I have been tasked with a super secret mission: to investigate the life of the average college student. I was assigned to the University of Mary Washington by, like, the FBI or something. The basis for my cover is some some random online class I signed up for. Since the class is five weeks long, that’s how long I have to finish my mission. Again, this is an important mission from the CIA (that’s what I said earlier, right?). This is NOT something I just decided to do because I’m bored.
The first thing to do is to get familiar with my surroundings. I need to explore the campus and memorize where all the important stuff is. This will also give me insight into the activities of the average college student.
Well, I think I have all the basics down now. Next week, I can focus on the more detailed stuff, whatever that is.
Remember that online class I signed up for? Well, apparently there was a bunch of homework that I was supposed to be doing. Who knew? I ended up with a zero for the first week, but I’m sure there will be a curve or something.
Well, enough dwelling on my grades, now I need to figure out what the deal is with the mascot. They say the school’s mascot is the eagle, but I don’t see any eagles anywhere. The way I see it, there should be eagles all over the place. Luckily, I found an eagle for the campus. I can’t wait to show everyone!
Well that didn’t go as expected. You know, for some reason everyone seems really mad at me. Well, I’d better hide out in the woods for a while. At least until the heat dies down.
Since I spent most of last week foraging in the mighty wilderness, I didn’t get any homework done. I ended up with another zero for the week. Now I’m actually starting to worry about my grade. Maybe I should start taking my schoolwork seriously. Or, I could figure out what all this college drinking is all about. That sounds more fun, so I think I’ll do that.
I wasn’t actually sure how much success I would have walking up to random people and saying “I want beer”. As it turns out, if you do it long enough, you’ll get invited to a party! They have lots of different types of beer at this party, I wonder which one I should try first?
Wow! College students sure do like the fancy stuff, don’t they? So, how much should I drink. Like, ten or so? That’s a normal amount, right?
Update: I woke up in a dumpster. Yep. I’m in… uh… Idaho? Illinois? Indiana? Geography’s not really my strong suit, but I’m pretty sure it’s one of those “I” states.
I guess that’s what happens after a crazy night of drinking. Better start hitchhiking my way back to Virginia. See you next week!
… or not. So, where I have been for the last 5 weeks?
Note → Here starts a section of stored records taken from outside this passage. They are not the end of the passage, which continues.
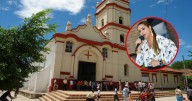 Juzgado ordena a Gobernación del Tolima cumplir fallo que exige obras viales en Coyaima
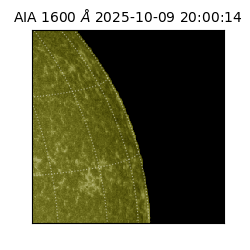 saia - 2025-10-09T20:00:14.125000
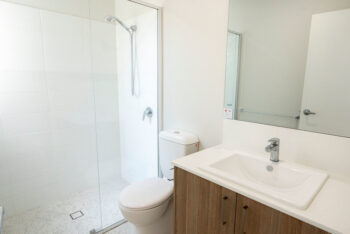 Listing image for 27 Gambier Grove, Eglinton  WA  6034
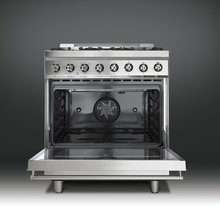 Appliances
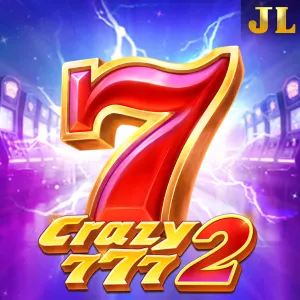 Crazy777 2 - SUMMER138
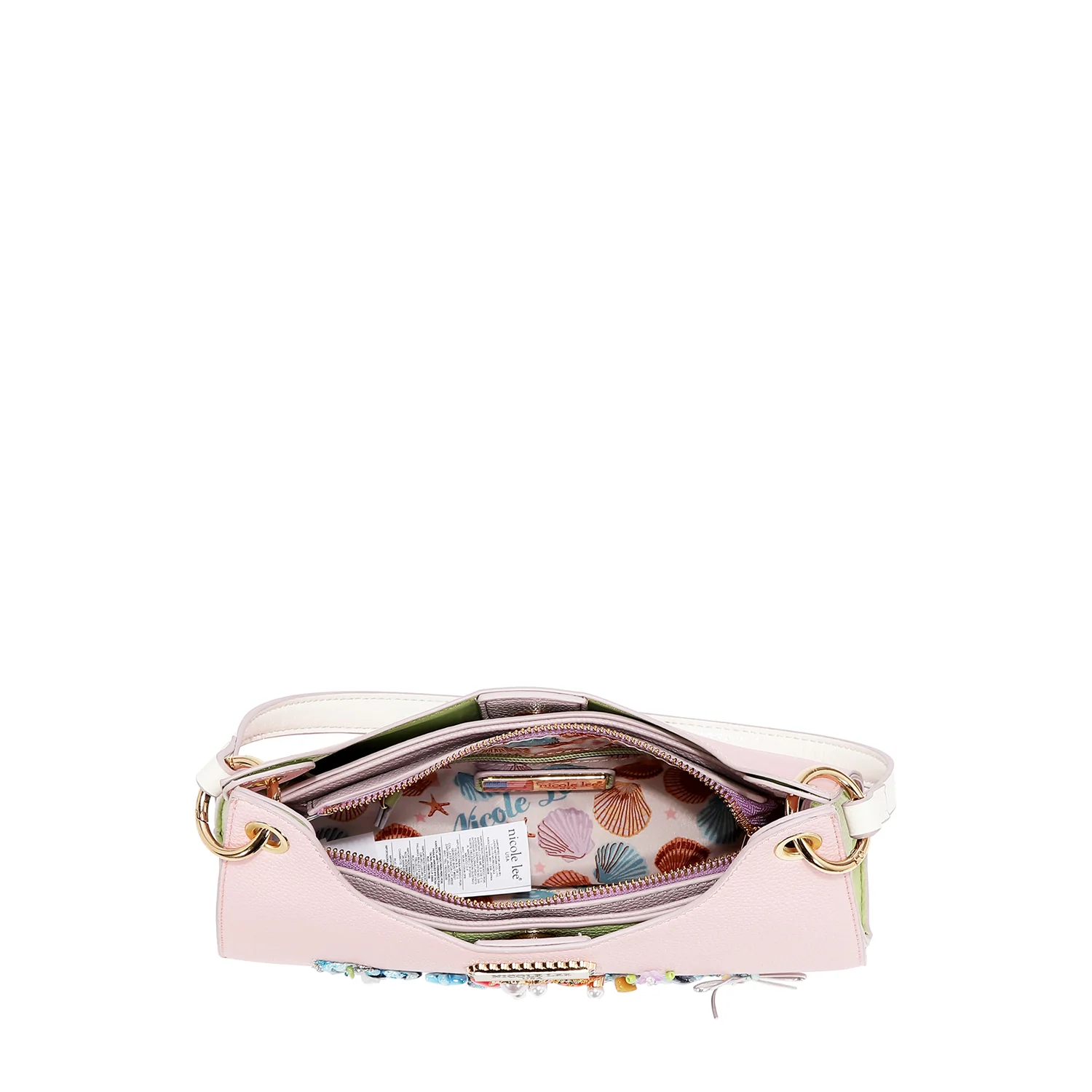 P17637-PINK-INTERIOR_2e3182d9-aac6-4237-ada7-4556b30397b9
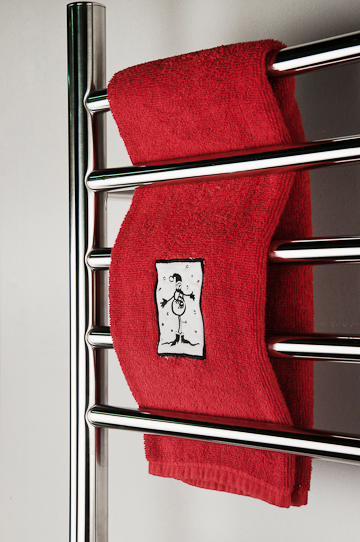 RWH-SP product image.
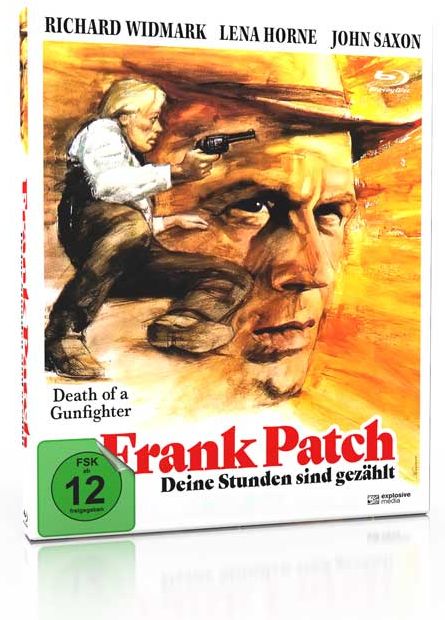 Frank-Patch_BD-slipcase-3D_800x800.jpg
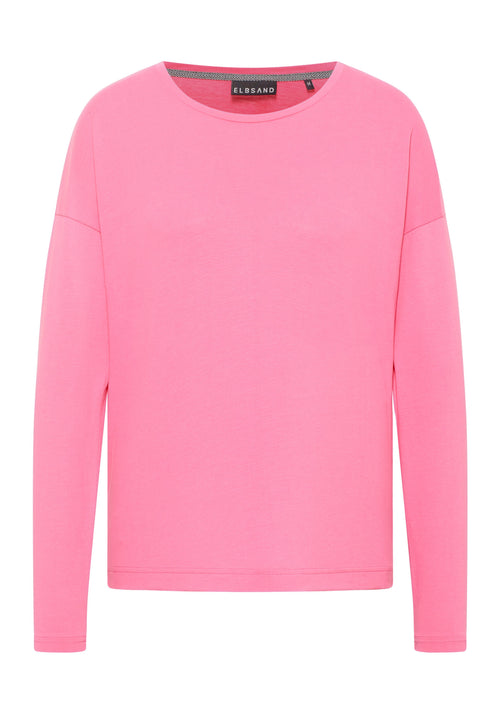 Elbsand Long Shirt Pya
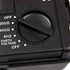 Terrômetro Digital CAT III 600v MTR-1522 Minipa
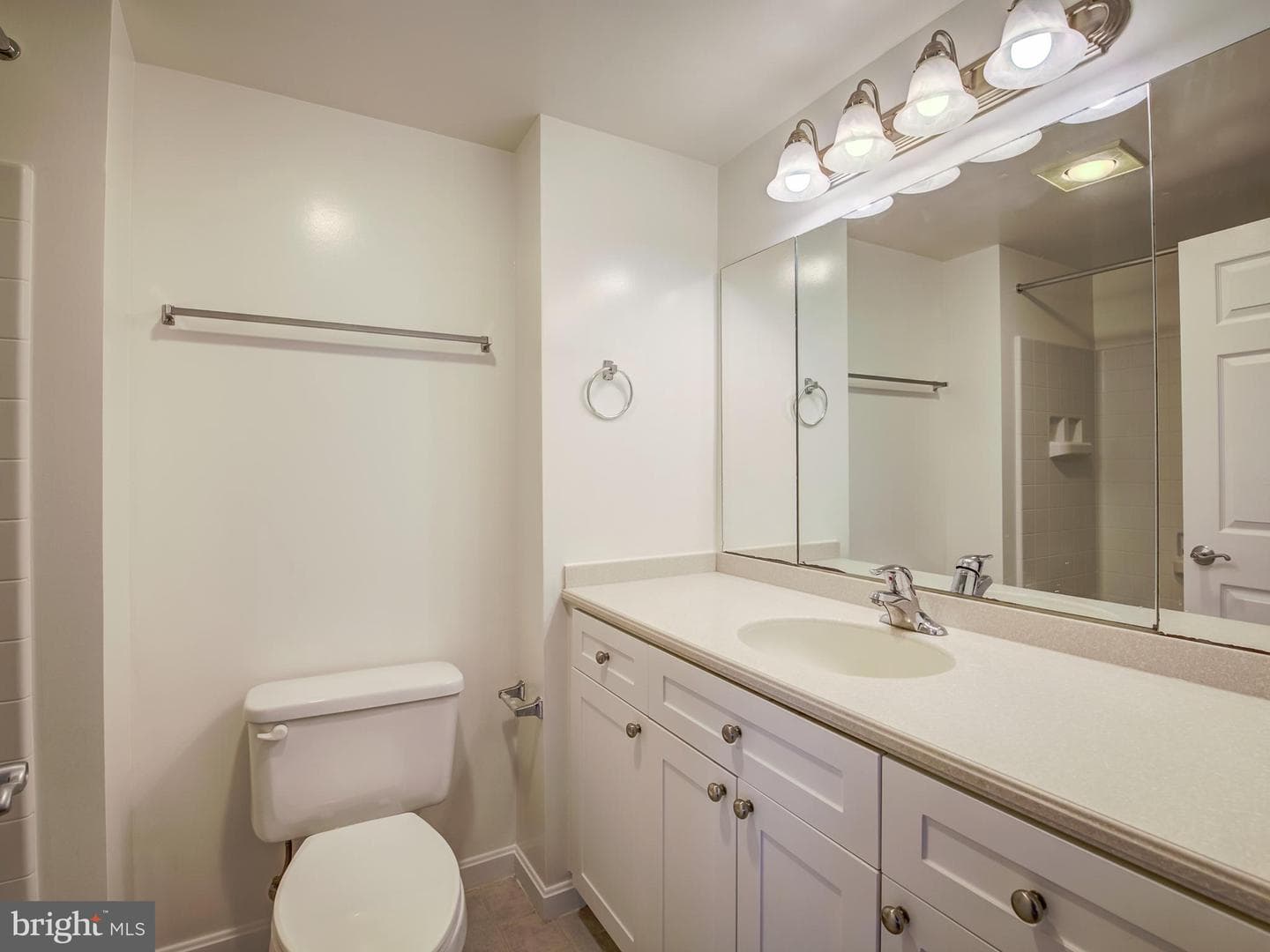 3101 N Hampton Drive #917 photo 40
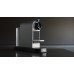 Капсульная кофемашина C532 Citiz Silver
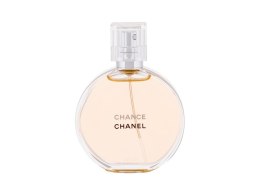 Chanel Chance Woda toaletowa 35 ml (W) (P2)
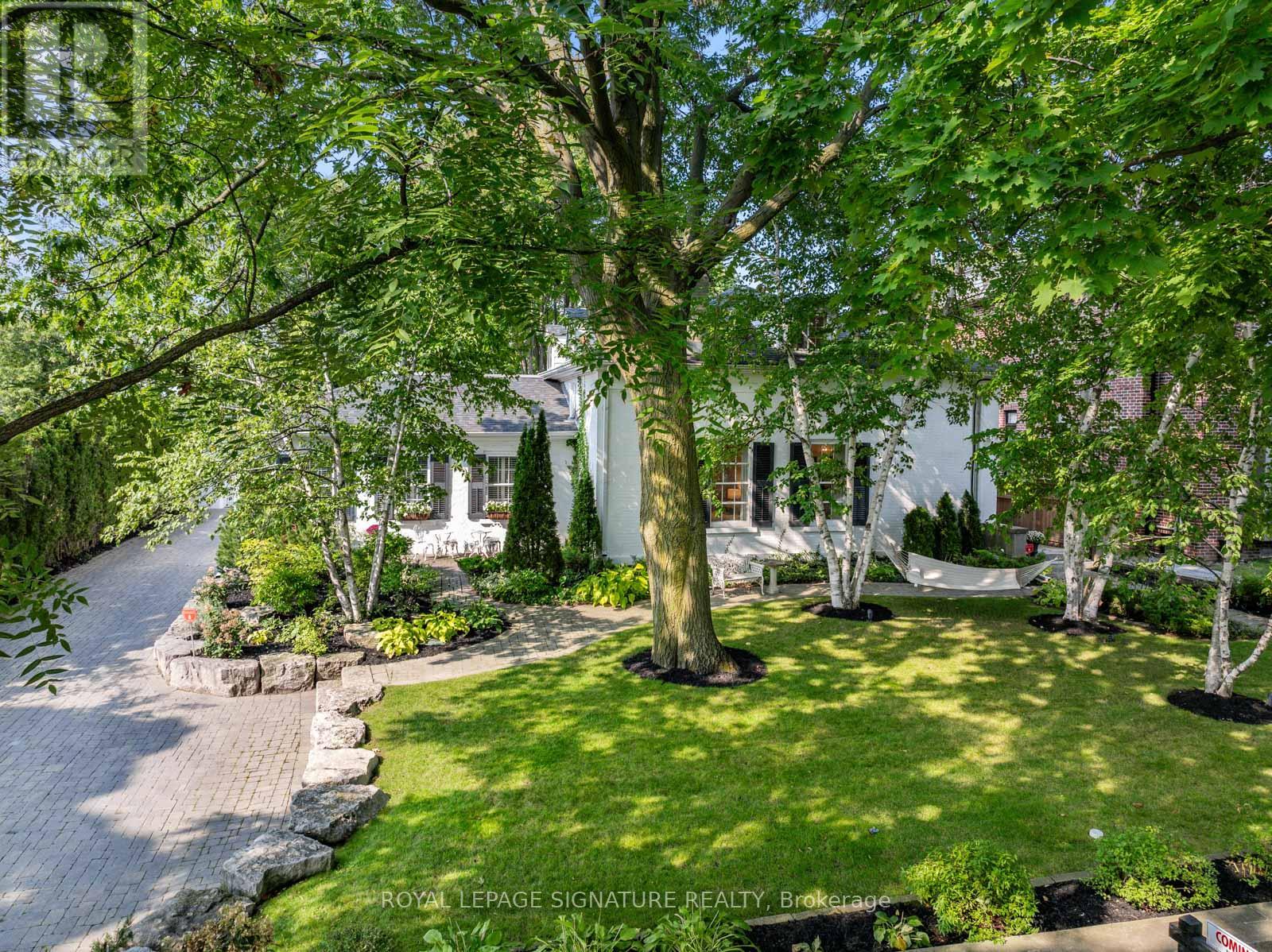 171 Old Forest Hill Road, Toronto, Ontario  M6C 2G7 - Photo 35 - C12418940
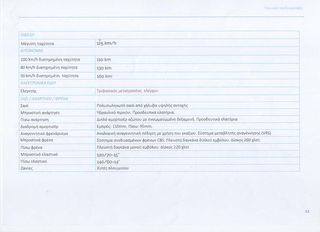 Ray 2022 A1  max 8.7 KWH-thumb-25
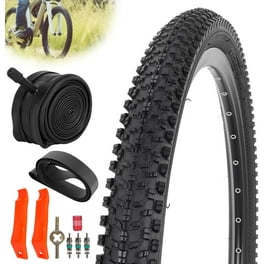 Kenda Nevegal Pro 24 x 2.5 Clincher Wire TPI 50 Black/Bsk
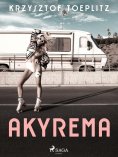 eBook: Akyrema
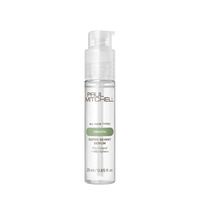 Serum Super Skinny wygładzające 25 ml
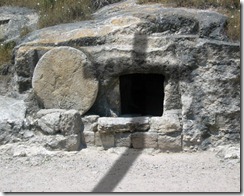 he-is-risen1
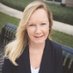 Jennifer Jenkins (@caregivertalk) Twitter profile photo Jennifer Jenkins (@caregivertalk) Twitter profile photo
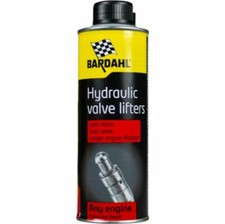 BARDAHL ADDITIVO PUNTERIE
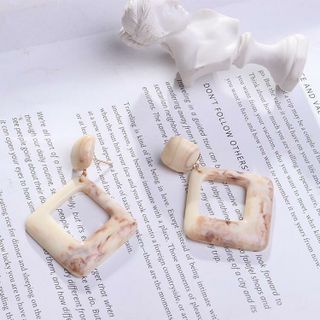 các kiểu bông tai đệp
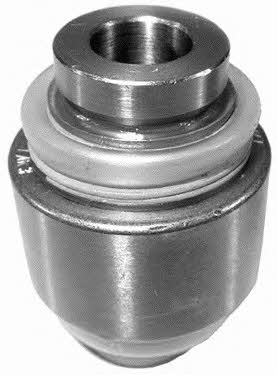 Lemforder 15927 01 Ball joint 1592701: Buy near me in Poland at 2407.PL - Good price!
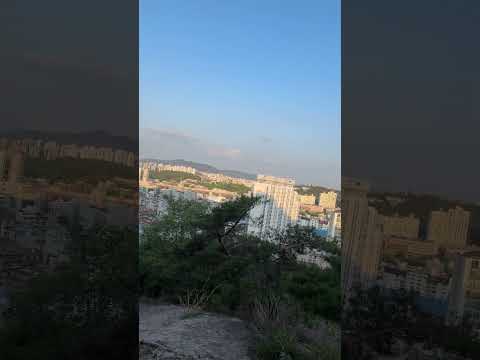 도파민 디톡스 영상 thumbnail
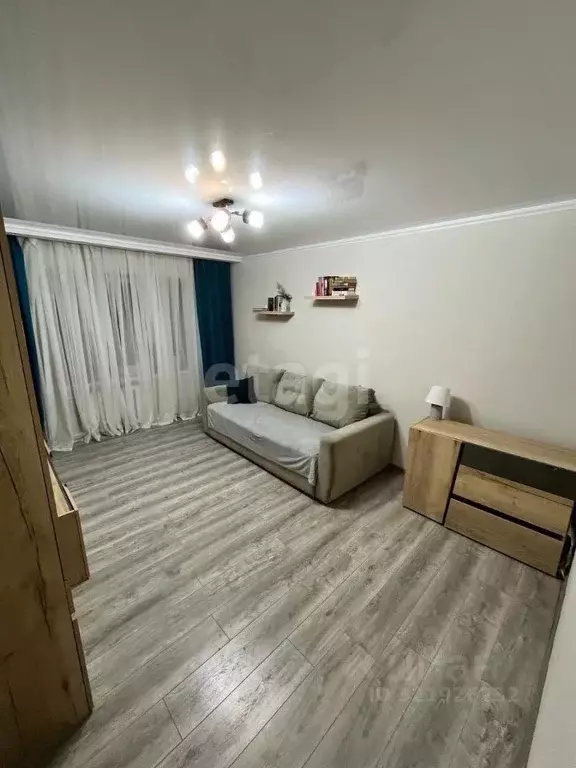 2-к кв. Ставропольский край, Михайловск Шпаковский район, ул. Ленина, ... - Фото 2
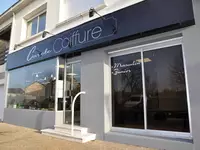 Carole Coiffure La-Chapelle-des-Marais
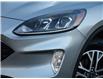 2021 Ford Escape SEL (Stk: A51942A) in GEORGETOWN - Image 3 of 26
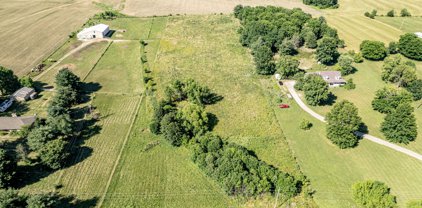 Lot 2 Locust Grove Rd, Shelbyville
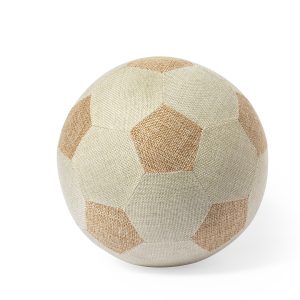 Bola Slinky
In jail. Remember that eagle I found earlier? Well, apparently it’s an endangered species.
It gets even worse. Not only did I fail that class I was taking, but I got expelled. I guess the whole not doing any classwork/getting arrested/spending a week living in the woods thing doesn’t sit too well with UMW. Overall though, I think my mission was a success. I hid from an angry mob, hitchhiked across state lines, and violated the Endangered Species Act. If that’s not the full college experience, then I don’t know what is.